Character data is, in most modern machines, managed as 8-bit bytes. (In some cases the characters are 16 or 32 bits, but that's just confusion at this juncture.)
If you look at an ASCII table you will see the basic "Latin" character set:
The individual characters are identified by an 8-bit byte where (for the basic ASCII chars) the high-order bit is zero. So values run between 0 and 127, or between 00 and 7F hex (or between 00000000 and 01111111 binary).
I should inject here that the first 32 codes are non-printing codes for "control characters". Eg, the code at decimal 10 or hex 0A is the "line-feed" code, which is the code known in C and Java as "newline". And the 00 code is the "NUL" character as mentioned below.
The characters in a sentence are laid out in order in memory, in successive bytes. Hence, "Hello" will be 48 65 6C 6C 6F
in hex. For C and C++ a simple "C string" is always ended with a byte of all zeros (the "NUL" character in the chart). For Java the length of the string is in a separate variable somewhere else. A few character coding schemes "prefix" the string with it's length as an 8-bit or 16-bit value.

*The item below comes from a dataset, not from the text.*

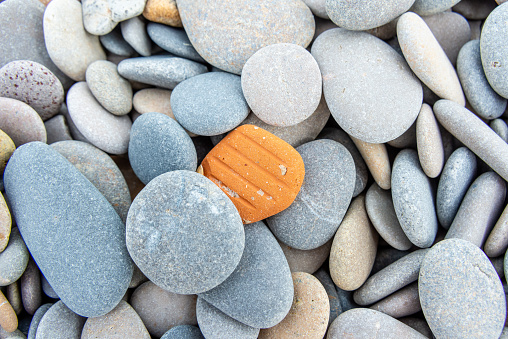 One orange stone stands out among a bed of smooth, grey pebbles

As you can see above, the ASCII character set includes non-alphabetic characters such as !
and +
and ?
. For "non-Latin" characters (eg, the character £
or Ç
) one of several techniques is used to "extend" the character set. Sometimes those 8-bit characters with values of 128 to 255 are used to represent the non-Latin characters of a given language (though one must know which language in order to know which set of characters is being represented). In other cases "Unicode" is used, with 16-bit or 32-bit characters instead of 8-bit characters, so that virtually every character in every language has its own unique code.